Twice that evening, Caroline’s mother called the practice reporting that her daughter’s fever persisted and the rash remained unchanged. During the second phone call, an appointment was made for the next day. Instead, the mother ended up taking Caroline to another pediatric practice and never returned to see Dr. Carpenter or Dr. Reynolds. Tragically, Caroline was diagnosed with ehrlichiosis four days later, dying from the infection two days after the diagnosis was made. Her mother subsequently filed a lawsuit against Dr. Carpenter, Dr. Reynolds, and their practice. The case was tried, and the jury awarded Caroline’s mother a substantial verdict.

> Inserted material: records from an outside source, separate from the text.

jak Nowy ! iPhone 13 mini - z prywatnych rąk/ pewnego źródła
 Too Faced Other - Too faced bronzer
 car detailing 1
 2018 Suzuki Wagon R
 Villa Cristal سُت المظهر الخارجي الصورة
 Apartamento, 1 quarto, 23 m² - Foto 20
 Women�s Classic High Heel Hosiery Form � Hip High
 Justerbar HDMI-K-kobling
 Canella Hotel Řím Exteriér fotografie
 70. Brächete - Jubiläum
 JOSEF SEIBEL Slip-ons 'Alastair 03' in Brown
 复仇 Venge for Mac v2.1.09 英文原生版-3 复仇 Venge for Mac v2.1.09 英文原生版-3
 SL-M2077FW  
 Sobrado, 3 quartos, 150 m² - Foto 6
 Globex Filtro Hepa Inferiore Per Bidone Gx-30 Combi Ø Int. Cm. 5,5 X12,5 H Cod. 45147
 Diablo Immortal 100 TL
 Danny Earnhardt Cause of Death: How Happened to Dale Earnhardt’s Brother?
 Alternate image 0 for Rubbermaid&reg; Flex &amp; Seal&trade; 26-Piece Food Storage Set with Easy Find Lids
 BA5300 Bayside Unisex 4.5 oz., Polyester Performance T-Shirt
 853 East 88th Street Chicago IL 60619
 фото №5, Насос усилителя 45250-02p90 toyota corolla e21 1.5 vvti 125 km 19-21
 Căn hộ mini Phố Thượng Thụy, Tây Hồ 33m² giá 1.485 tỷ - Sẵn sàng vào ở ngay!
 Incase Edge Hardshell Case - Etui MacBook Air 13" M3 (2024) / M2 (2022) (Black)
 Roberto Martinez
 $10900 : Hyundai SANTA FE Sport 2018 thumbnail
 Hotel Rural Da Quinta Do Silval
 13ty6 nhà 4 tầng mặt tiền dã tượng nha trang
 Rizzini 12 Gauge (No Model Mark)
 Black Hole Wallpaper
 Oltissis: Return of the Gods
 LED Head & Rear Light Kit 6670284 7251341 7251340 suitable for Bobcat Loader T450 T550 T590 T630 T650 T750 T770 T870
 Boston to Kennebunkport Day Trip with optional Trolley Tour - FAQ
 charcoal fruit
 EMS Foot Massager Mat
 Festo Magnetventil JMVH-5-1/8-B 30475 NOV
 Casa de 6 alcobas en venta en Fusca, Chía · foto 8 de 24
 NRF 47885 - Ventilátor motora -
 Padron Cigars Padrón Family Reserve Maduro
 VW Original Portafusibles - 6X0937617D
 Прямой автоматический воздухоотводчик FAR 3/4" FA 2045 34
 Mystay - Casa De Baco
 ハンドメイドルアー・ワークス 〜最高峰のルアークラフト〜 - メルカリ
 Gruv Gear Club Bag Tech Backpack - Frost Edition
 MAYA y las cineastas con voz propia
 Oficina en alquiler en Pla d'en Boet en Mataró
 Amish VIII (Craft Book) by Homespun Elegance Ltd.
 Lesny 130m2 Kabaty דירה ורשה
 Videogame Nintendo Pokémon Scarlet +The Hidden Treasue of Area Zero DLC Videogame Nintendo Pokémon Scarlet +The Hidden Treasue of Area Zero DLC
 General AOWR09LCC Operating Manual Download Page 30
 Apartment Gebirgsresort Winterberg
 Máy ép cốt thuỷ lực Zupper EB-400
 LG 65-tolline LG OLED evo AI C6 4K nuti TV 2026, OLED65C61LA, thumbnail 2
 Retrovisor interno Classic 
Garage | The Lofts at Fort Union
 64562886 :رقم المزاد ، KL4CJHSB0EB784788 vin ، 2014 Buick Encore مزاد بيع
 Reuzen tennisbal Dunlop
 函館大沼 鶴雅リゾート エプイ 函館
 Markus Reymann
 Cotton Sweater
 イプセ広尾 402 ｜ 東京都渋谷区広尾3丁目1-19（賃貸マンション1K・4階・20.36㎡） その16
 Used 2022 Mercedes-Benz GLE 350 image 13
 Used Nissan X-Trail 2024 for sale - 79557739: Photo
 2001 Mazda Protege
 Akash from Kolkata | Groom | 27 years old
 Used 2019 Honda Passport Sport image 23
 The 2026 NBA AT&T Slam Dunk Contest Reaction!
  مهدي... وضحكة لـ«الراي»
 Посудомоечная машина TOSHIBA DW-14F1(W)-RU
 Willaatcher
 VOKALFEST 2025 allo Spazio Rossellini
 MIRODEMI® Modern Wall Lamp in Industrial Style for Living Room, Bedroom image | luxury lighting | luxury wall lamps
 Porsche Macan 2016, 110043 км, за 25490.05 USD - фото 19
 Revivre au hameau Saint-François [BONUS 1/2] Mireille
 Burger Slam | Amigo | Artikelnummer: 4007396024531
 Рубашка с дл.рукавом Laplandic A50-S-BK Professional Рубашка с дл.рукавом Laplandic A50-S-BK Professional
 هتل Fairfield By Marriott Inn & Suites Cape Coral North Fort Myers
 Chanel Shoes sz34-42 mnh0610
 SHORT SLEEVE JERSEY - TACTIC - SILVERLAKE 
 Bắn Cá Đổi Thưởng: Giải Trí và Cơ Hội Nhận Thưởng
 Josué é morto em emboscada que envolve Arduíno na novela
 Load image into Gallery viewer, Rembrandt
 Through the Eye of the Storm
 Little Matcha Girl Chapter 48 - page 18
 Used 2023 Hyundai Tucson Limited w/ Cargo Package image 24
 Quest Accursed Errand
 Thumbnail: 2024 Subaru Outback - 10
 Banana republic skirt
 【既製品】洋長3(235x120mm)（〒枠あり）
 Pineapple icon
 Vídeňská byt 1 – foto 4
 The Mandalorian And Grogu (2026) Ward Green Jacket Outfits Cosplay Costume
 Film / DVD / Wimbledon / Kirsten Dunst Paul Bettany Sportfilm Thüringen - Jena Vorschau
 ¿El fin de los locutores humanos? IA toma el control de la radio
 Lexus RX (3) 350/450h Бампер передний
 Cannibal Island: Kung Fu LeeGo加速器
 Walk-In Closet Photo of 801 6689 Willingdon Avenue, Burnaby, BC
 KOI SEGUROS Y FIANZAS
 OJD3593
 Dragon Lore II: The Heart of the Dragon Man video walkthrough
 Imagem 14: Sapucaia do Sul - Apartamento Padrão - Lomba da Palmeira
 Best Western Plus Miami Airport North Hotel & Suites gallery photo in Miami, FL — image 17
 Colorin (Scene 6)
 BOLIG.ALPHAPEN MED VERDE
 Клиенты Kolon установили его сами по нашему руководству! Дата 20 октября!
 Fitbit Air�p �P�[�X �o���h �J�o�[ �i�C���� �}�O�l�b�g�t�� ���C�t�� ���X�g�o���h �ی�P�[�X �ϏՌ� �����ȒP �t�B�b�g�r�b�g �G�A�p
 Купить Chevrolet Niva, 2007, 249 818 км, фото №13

Although it was not recognized at the time, Caroline’s mother gave Dr. Carpenter the key piece of information necessary to solve Caroline’s impending medical crisis during the August 3rd appointment. Then, when Caroline returned the next day with worsening symptoms, Dr. Reynolds did not read the note of the prior day’s office visit and never knew to include the history of recent tick bite with the information that he used when treating Caroline.
It is unknown whether ehrlichiosis would have been diagnosed earlier if Dr. Reynolds knew that the mother told Dr. Carpenter about the tick bite. However, if Dr. Reynolds had read his partner’s note, the lawsuit would have been imminently more defensible. This is a simple, common sense practice point: to ensure the continuity of the patient’s care, the provider should review the documentation discussing the patient’s recent, relevant care. It is often this kind of simple task, when not performed by a defendant-doctor, that a jury cannot understand or forgive. In this case, Caroline’s mother reported the tick bite only to Dr. Carpenter, and did not repeat the report to Dr. Reynolds. Perhaps she believed that, since she had already reported it to one doctor, she did not need to advise any subsequent provider. It is easy for a jury, comprised of lay people who are patients themselves, to understand why a plaintiff attorney blames a defendant-doctor for neglecting to perform such a simple task – and to agree.
As a footnote, when the mother transferred Caroline’s care to another practice, she unwittingly caused the second disruption in the continuity of her daughter’s care. The new pediatrician was charged with trying to solve the mystery of Caroline’s illness after being thrust into the middle of its course. The mother did not repeat the history of tick bite to the new provider until August 8th. By that time, the infection had progressed past the point where Caroline could be saved. An abrupt transfer of care can result in crucial information never reaching the new provider who is starting from the beginning with a patient who may not have much time left – and this is a lesson for the patient in all of us.
* Names of patients and physicians have been changed
The contents of The Sentinel are intended for educational/informational purposes only and do not constitute legal advice. Policyholders are urged to consult with their personal attorney for legal advice, as specific legal requirements may vary from state to state and/or change over time.